• **ASSIGNED TASK**
From the listing below, output the lines between the one with "アディダス オリジナルス×アトモス ピンク「スーパースター」厚底ブーツ、レザーアッパーで" and the one with "827 Nathan Hale", including those two, and nothing else. Pictures are not copied.

• **MATERIAL SHOWN**
>>>

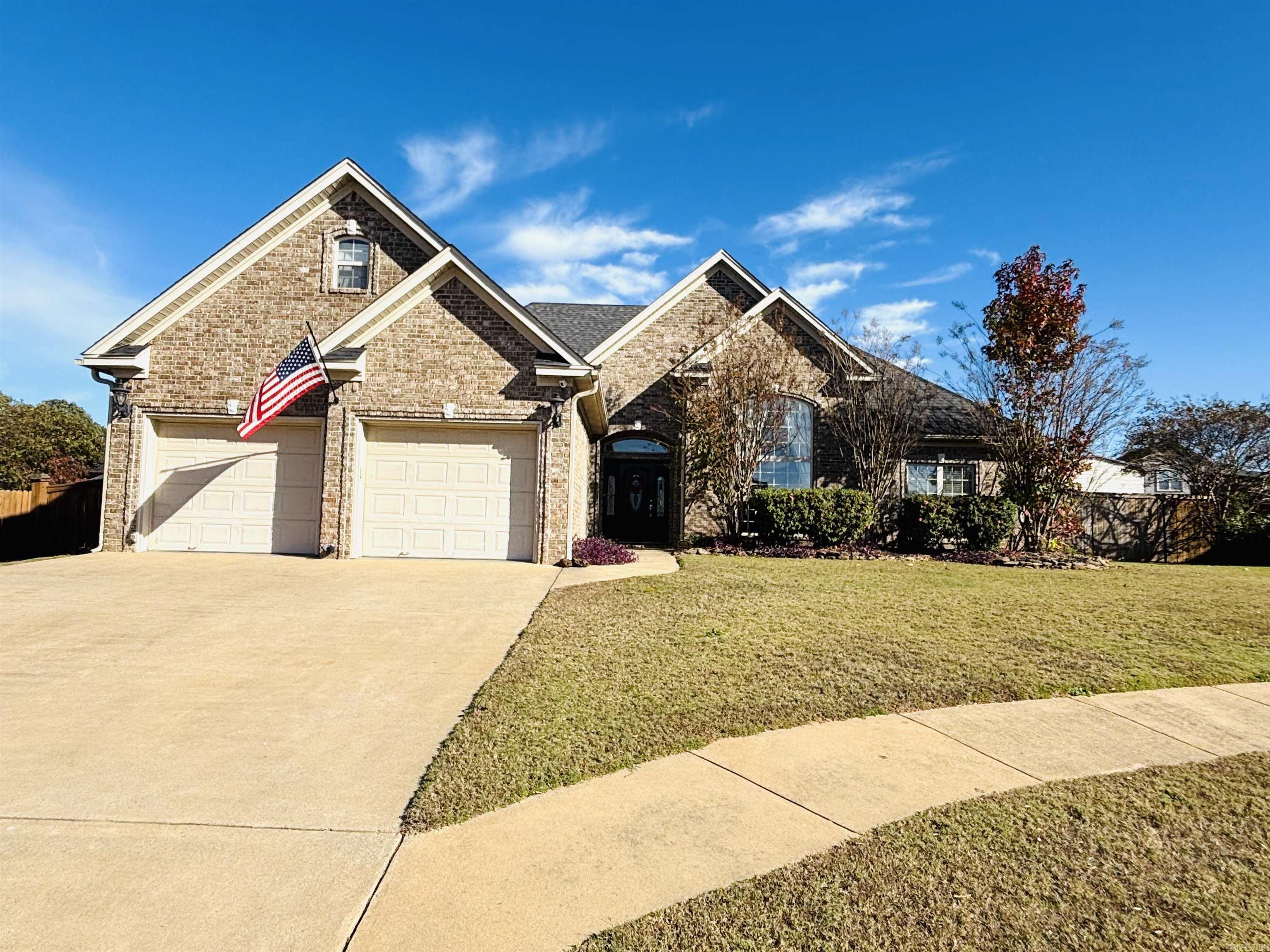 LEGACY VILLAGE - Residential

<<<
>>>

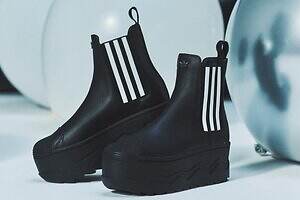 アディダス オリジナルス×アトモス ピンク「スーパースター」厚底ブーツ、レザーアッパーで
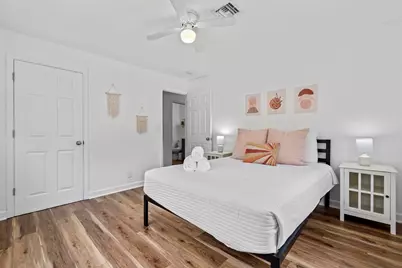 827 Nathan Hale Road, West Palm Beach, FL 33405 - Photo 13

<<<

• **TASK RESPONSE**
 アディダス オリジナルス×アトモス ピンク「スーパースター」厚底ブーツ、レザーアッパーで
 827 Nathan Hale Road, West Palm Beach, FL 33405 - Photo 13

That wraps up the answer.